Closed jhouse-solvd closed 3 years ago
Graphic that shows what the site looked like from the user perspective:
fwiw google search console also supports broken link (asset) checking https://support.google.com/webmasters/answer/9128668?hl=en
AWS cloudwatch Synthetics uses puppeteer under the hood. The built-in link checker is probably not what we'd like to use since it uses
document.getElementsByTagName('a')
and in this case we're more interested in 'script' and 'link' tags. Using puppeteer, however, we should check that these have been loaded as well as check for Concole errors In the browser we can easily do the following:
Also, the solution I suggest above is more generic than just looking for broken links. @jhouse-solvd possibly rename this ticket to something like "detect basic errors in va.gov" or something similar.

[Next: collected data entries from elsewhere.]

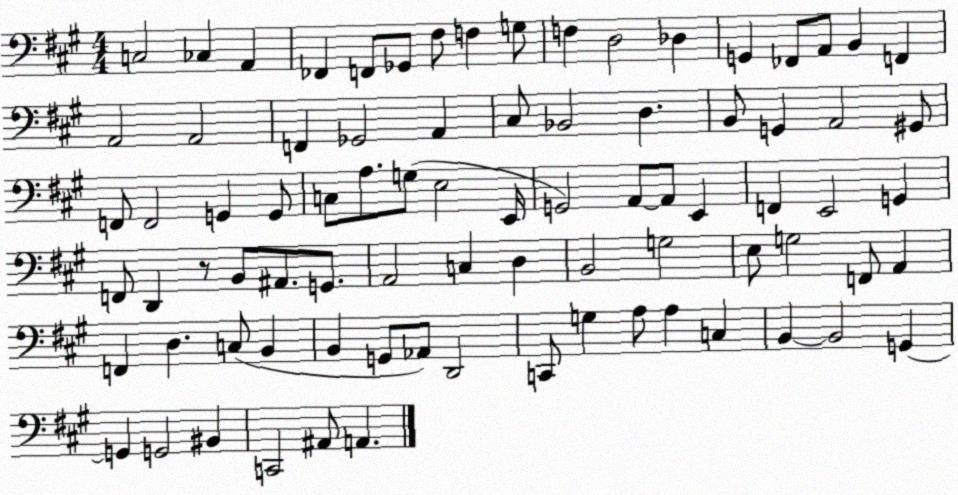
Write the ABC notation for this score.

X:1
T:Untitled
M:4/4
L:1/4
K:A
C,2 _C, A,, _F,, F,,/2 _G,,/2 ^F,/2 F, G,/2 F, D,2 _D, G,, _F,,/2 A,,/2 B,, F,, A,,2 A,,2 F,, _G,,2 A,, ^C,/2 _B,,2 D, B,,/2 G,, A,,2 ^G,,/2 F,,/2 F,,2 G,, G,,/2 C,/2 A,/2 G,/2 E,2 E,,/4 G,,2 A,,/2 A,,/2 E,, F,, E,,2 G,, F,,/2 D,, z/2 B,,/2 ^A,,/2 G,,/2 A,,2 C, D, B,,2 G,2 E,/2 G,2 F,,/2 A,, F,, D, C,/2 B,, B,, G,,/2 _A,,/2 D,,2 C,,/2 G, A,/2 A, C, B,, B,,2 G,, G,, G,,2 ^B,, C,,2 ^A,,/2 A,,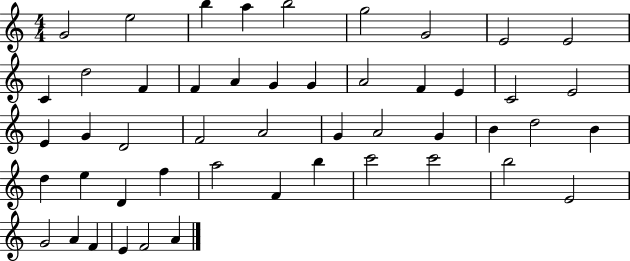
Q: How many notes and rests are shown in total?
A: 49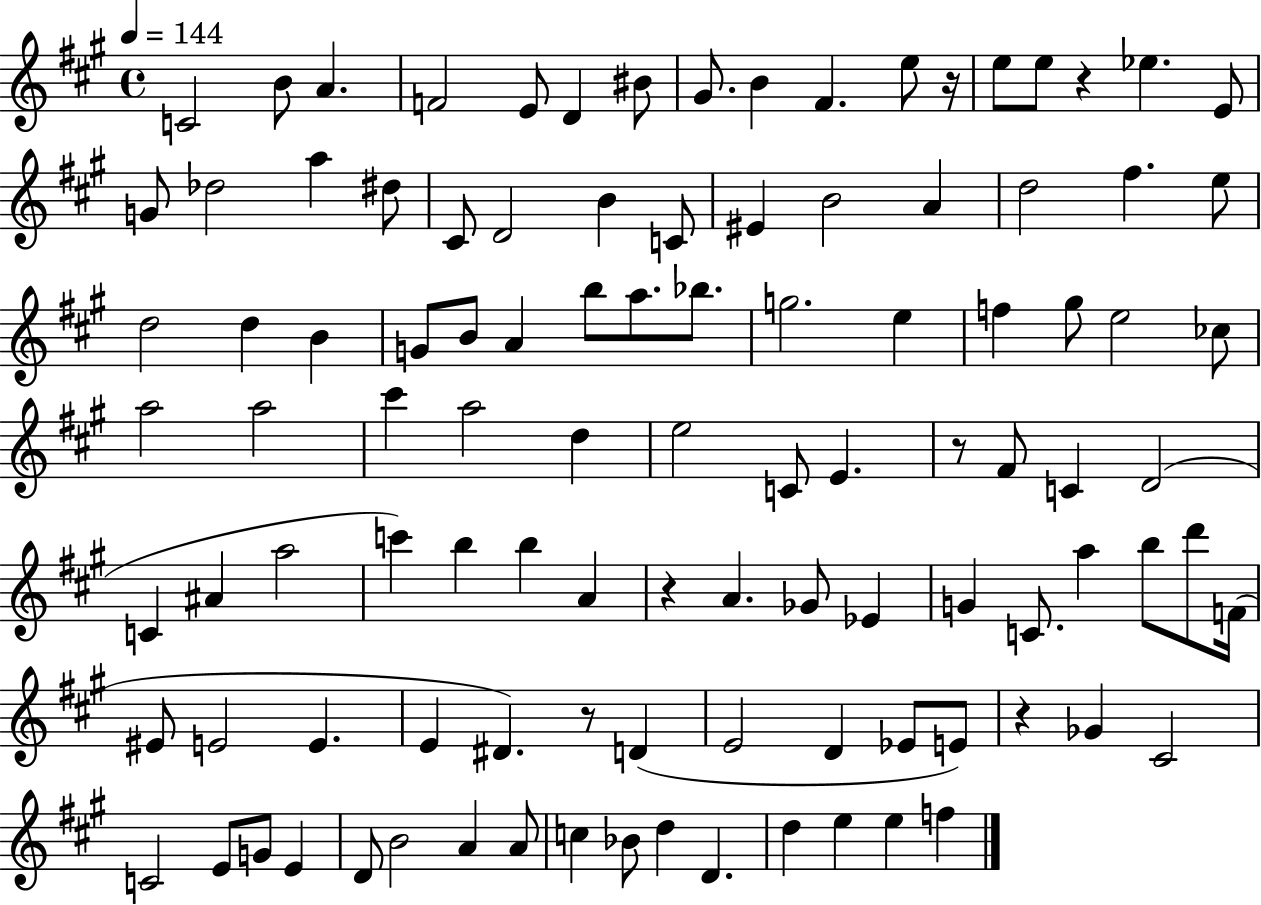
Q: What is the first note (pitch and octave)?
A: C4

Looks like datadog also provides similar functionality: https://docs.datadoghq.com/getting_started/synthetics/browser_test/
So it looks like when the site was broken as is shown in this first image, the console does indeed show errors loading the files. This seems to indicate that checking for errors in the console can catch these type of errors.
The term "broken links and assets" sounds pretty good, to clarify this definition it would be a 200 success response code for va.gov homepage:
Revising https://github.com/department-of-veterans-affairs/va.gov-team/issues/19843#issuecomment-780167509, seems to me that if we just check in the headless browser for errors it'll catch missing assets as well as all javascript errors. For html links issues, we have the build check these site wide.

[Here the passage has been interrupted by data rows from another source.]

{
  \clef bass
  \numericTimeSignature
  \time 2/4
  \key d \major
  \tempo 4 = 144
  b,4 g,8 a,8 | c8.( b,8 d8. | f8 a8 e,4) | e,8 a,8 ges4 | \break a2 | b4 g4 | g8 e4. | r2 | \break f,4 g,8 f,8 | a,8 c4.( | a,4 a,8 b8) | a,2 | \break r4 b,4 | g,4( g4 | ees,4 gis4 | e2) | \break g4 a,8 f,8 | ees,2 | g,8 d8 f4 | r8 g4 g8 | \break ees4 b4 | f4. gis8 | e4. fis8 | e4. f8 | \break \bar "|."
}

Revising #19843 (comment), seems to me that if we just check in the headless browser for errors it'll catch missing assets as well as all javascript errors. For html links issues, we have the build check these site wide.

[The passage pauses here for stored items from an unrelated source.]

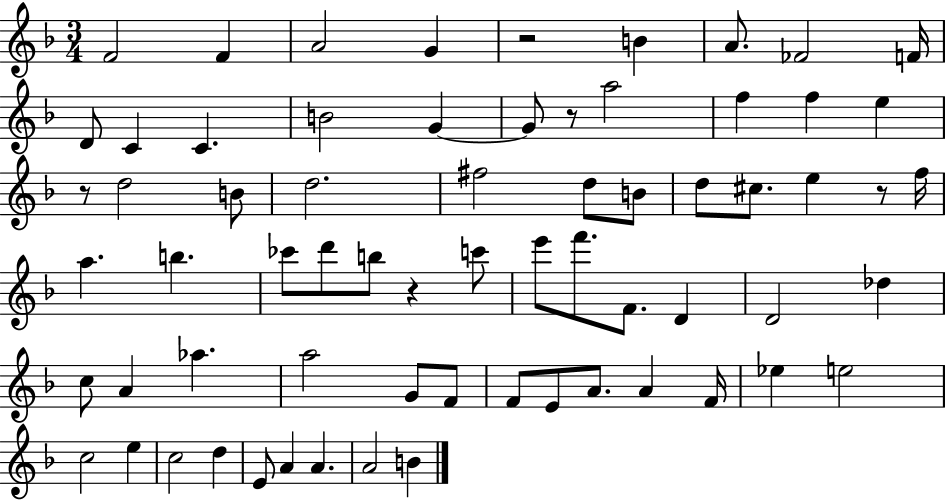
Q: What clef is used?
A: treble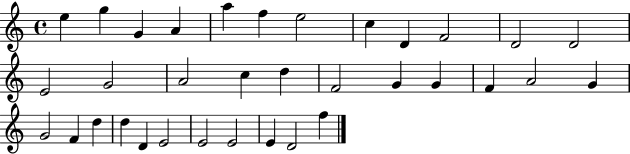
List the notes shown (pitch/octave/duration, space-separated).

E5/q G5/q G4/q A4/q A5/q F5/q E5/h C5/q D4/q F4/h D4/h D4/h E4/h G4/h A4/h C5/q D5/q F4/h G4/q G4/q F4/q A4/h G4/q G4/h F4/q D5/q D5/q D4/q E4/h E4/h E4/h E4/q D4/h F5/q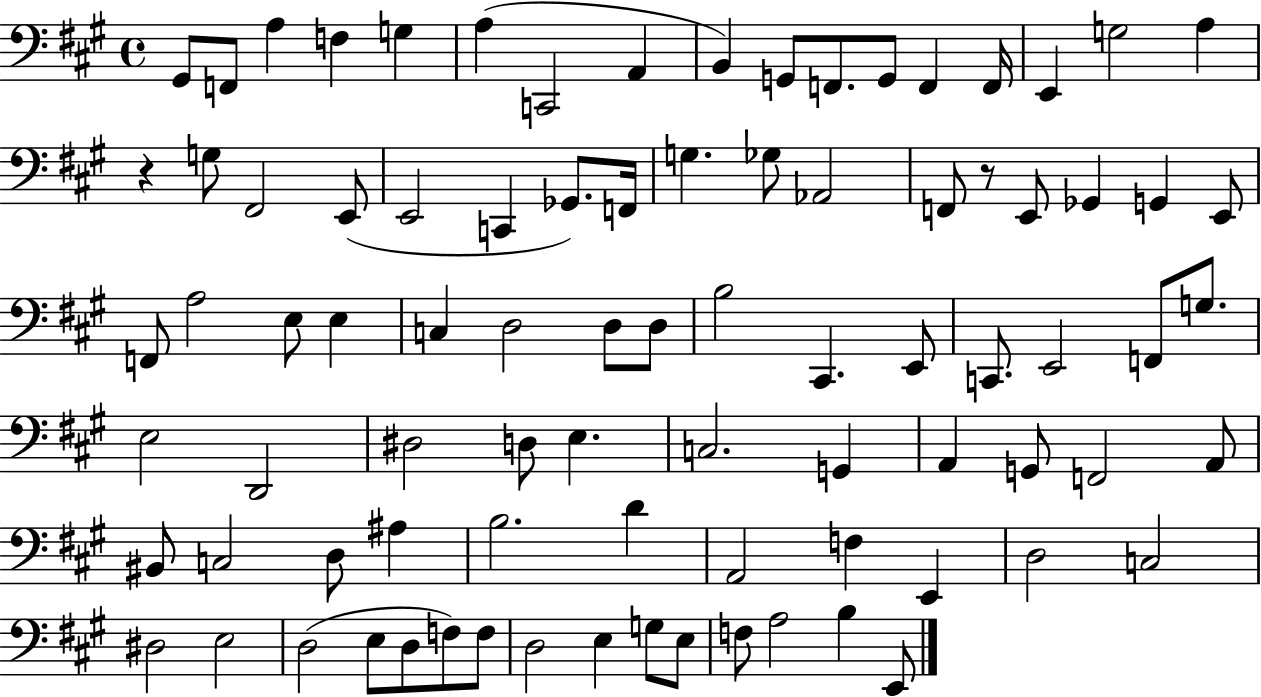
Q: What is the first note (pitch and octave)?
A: G#2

@drorva checking for all browser console errors is probably a valid approach, just to clarify those may not be javascript errors if JS assets are never loaded
also fysa there is a CSP "report only" message in console which should not be considered an error
[Report Only] Refused to connect to 'https://stats.g.doubleclick.net/j/collect?t=dc&aip=1&_r=3&v=1&_v=j89&tid=UA-50123418-16&cid=876194336.1589298734&jid=23633209&gjid=455303181&_gid=1551668648.1617380296&_u=SACAAUABAAAAAC~&z=722159970' because it violates the following Content Security Policy directive: "connect-src 'self' http://localhost:4000 https://*.va.gov https://api.mapbox.com https://www.google-analytics.com http://*.vetsgov-internal https://prod-va-gov-assets.s3-us-gov-west-1.amazonaws.com https://prod-va-gov-maintenance-windows.s3-us-gov-west-1.amazonaws.com https://analytics.foresee.com https://brain.foresee.com https://survey.foreseeresults.com https://device.4seeresults.com https://health.foresee.com https://gateway.foresee.com https://feedback.digital-cloud-gov.voice.medallia.com https://raw.githubusercontent.com wss://northamerica.directline.botframework.com https://northamerica.directline.botframework.com https://search.usa.gov ".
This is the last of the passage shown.